Stored data entries
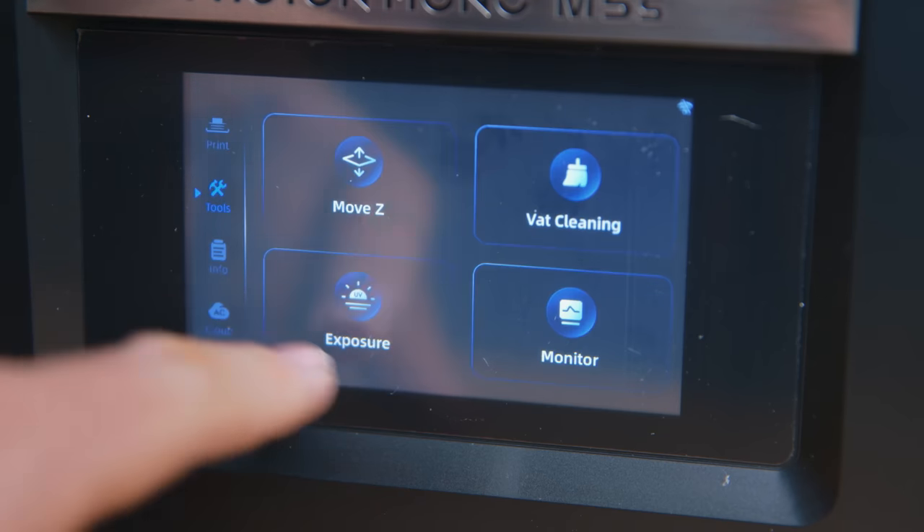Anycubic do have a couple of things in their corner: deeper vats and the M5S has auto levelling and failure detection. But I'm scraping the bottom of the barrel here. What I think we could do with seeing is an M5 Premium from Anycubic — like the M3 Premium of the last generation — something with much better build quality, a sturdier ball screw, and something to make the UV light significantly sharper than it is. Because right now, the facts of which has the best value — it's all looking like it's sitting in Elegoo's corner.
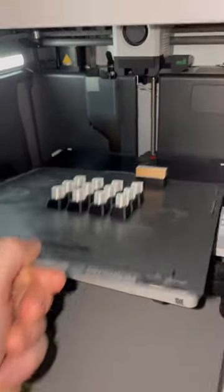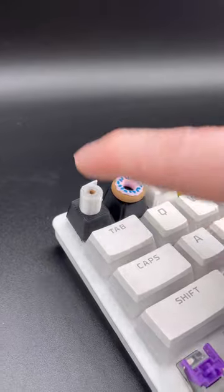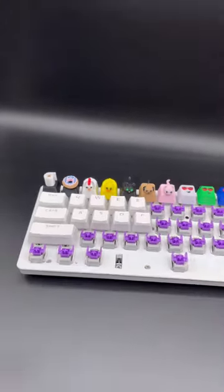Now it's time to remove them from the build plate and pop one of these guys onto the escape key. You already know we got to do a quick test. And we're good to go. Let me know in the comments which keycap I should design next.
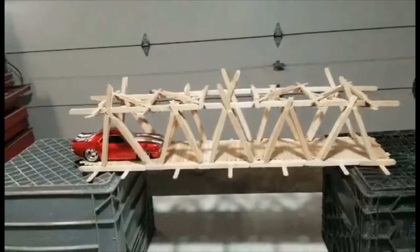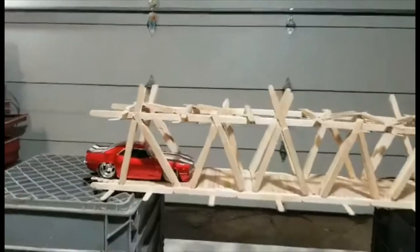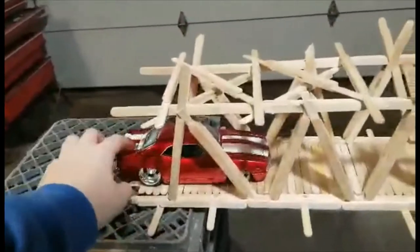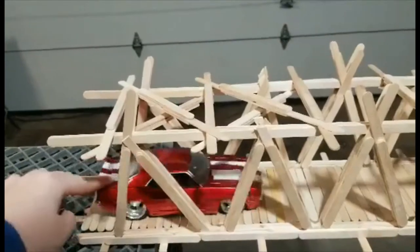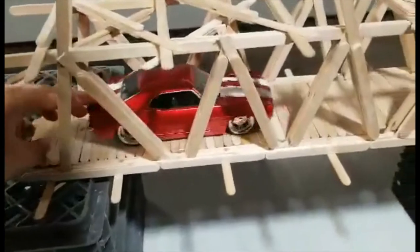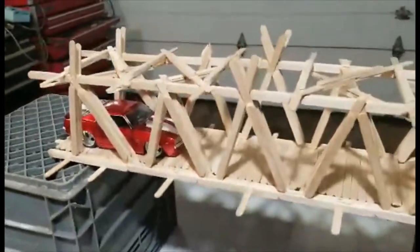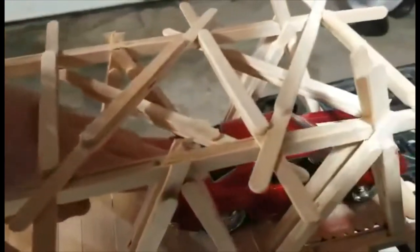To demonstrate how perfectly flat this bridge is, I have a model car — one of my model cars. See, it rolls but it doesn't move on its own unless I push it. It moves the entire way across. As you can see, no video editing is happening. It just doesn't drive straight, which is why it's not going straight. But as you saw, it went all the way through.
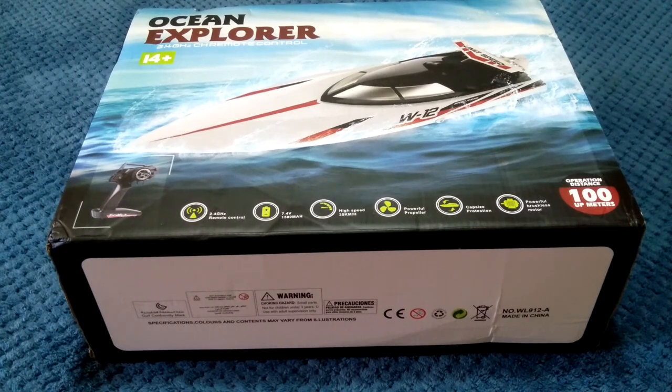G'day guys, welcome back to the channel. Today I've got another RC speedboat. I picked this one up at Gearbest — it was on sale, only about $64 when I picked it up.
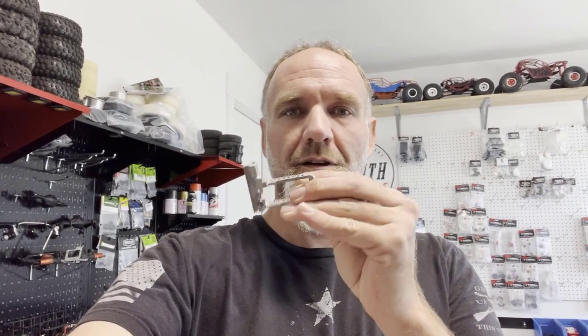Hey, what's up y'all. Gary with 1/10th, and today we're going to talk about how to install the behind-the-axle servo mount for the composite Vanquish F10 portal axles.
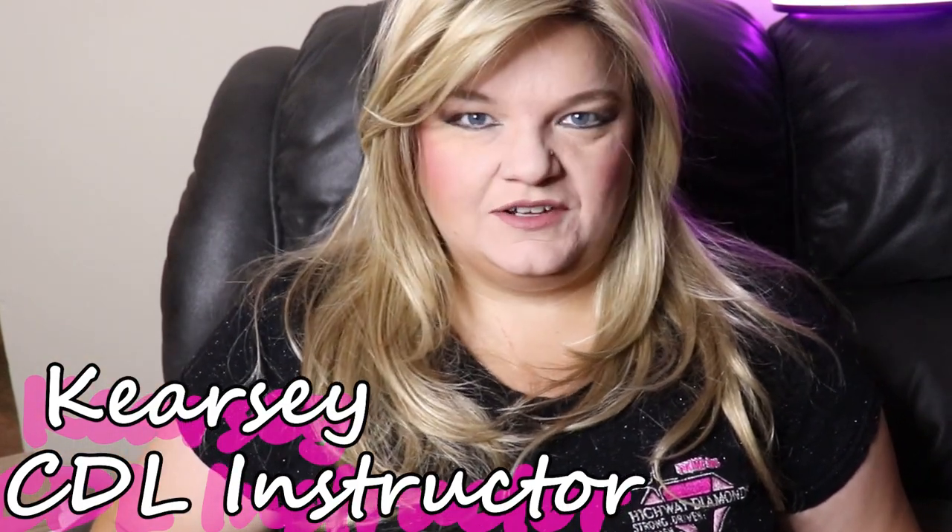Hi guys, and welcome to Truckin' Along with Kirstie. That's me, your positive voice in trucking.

→ **WHAT TO PRODUCE**
Pictures excluded, output exactly the line that contains "G'day guys, welcome" and every line after it to the end of the data above.

→ **REPLY**
G'day guys, welcome back to the channel. Today I've got another RC speedboat. I picked this one up at Gearbest — it was on sale, only about $64 when I picked it up.
Hey, what's up y'all. Gary with 1/10th, and today we're going to talk about how to install the behind-the-axle servo mount for the composite Vanquish F10 portal axles.
Hi guys, and welcome to Truckin' Along with Kirstie. That's me, your positive voice in trucking.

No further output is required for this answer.